Fleat shrugged. “I’m not saying nothing except they’re following. And there’s a whole lot of them.”
“We can’t fight half an army,” whispered Caewen. “Not on our own.” She looked back at Fleat then.
He gave a small nod and seemed to understand. “I can try, but you didn’t leave me people on very good terms now, did you? I can’t say as I think they’ll be jumping out of their feathers to help.”
“But you can ask?”
“I can ask,” said Fleat. He smiled a small, thin-lipped smile, then jumped backwards off Dapplegrim’s rump. He was an owl before he came close to hitingt the ground. Beating his wings slowly, powerfully, he did a sort of corkscrew of a whirl upwards. Then, he pushed his wings against the air and shot forward. Not long after, he vanished amongst the hazes of distance, a mere smudge of darkness against cloudy skies. The grey fading light that swallowed Fleat was the sort of pre-evening glow that promised storms. Sooner or later.
The land, which had been largely flat fields, grew into low, rolling mounds. These small hilltops made good vantages, and more than one upheld some old ruin or a crumbling tower. Once, they passed a few Sorthe militia huddled in their cloaks around a smokey fire. The men were surprised by the speed and approach of Dapplegrim. They jumped up. They yelled and waved spears. One loosed an arrow, but he missed.

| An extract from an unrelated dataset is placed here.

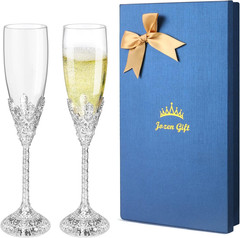 Elegant Wedding Cake Serving Set & Champagne Flutes – Perfect for Celebrations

It didn’t take long for the landscape to grow steadily more hilly. Scrubby patches of blackberry and tall, rustling reed-flaxes clung to the shallow defiles. Dapplegrim often had to go up and over a ridge, exposing them to anyone with eyes for a half-dozen leagues in any direction.
At the crest of just one such hilltop, Caewen spoke, suddenly. “What’s that?”
Something white and shimmering stood atop a nearby hill. It looked perhaps like a person made of sunlit fog, or a magical fire built from morning light.
Dapplegrim paused in his headlong run. Mucky dirt and dead grass scraped and churned where his hooves dug downward. He squinted into the distance. “A person? A woman. She has a faer-ish look to her.”
Caewen’s face grew serious. “I wonder–?”
“Well, hurm. Only one way to find out.” Dapplegrim changed his course and took himself upon a new path, over the wet-soaked sod, making directly for the hill with the phantom woman.